When the 911 emergency number was set up in 1968, there was no way to know how cellphones would change the way people use the service. Today, it's still difficult for operators to pinpoint the exact location of callers to send out help – but Google could change all that.
The search giant has been testing out a way to use the technology that identifies the user's location in Google Maps to help out the emergency services. As reported by the Wall Street Journal, a sample of 911 calls made using Android phones over the course of December 2017 and January 2018 saw geolocation data sent directly to the operator.
Currently, carriers can detect the location of a device by triangulating their distance from several cell phone towers, but this isn't particularly accurate. The study found that Google's data gave an average location estimate radius of 121 feet, whereas carrier data averaged out at 522 feet.
At present, it falls to the operator to find out the exact location emergency responders need to be sent to from the caller. Given that they might be flustered, or potentially in a place they're not familiar with, this can be a difficult prospect.
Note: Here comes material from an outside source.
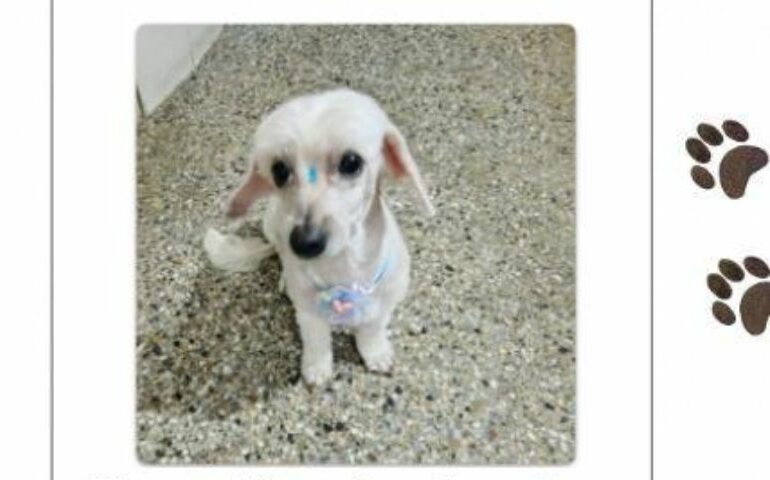 Se perdió la perrita ‘Mía’ en San Francisco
In this kind of situation, a slight improvement on the response time can be life-saving. Research published by the Federal Communications Commission suggests that as many as 10,000 lives could be saved annually if emergency response times were improved by just one minute.
Google has had the technology to provide this service for some time – it was rolled out in the U.K. and Estonia in July 2016, according to a report from Ars Technica. Many feel uncomfortable with the idea of allowing their smartphone to track their location, but in emergency circumstances, it's easy to see the benefits.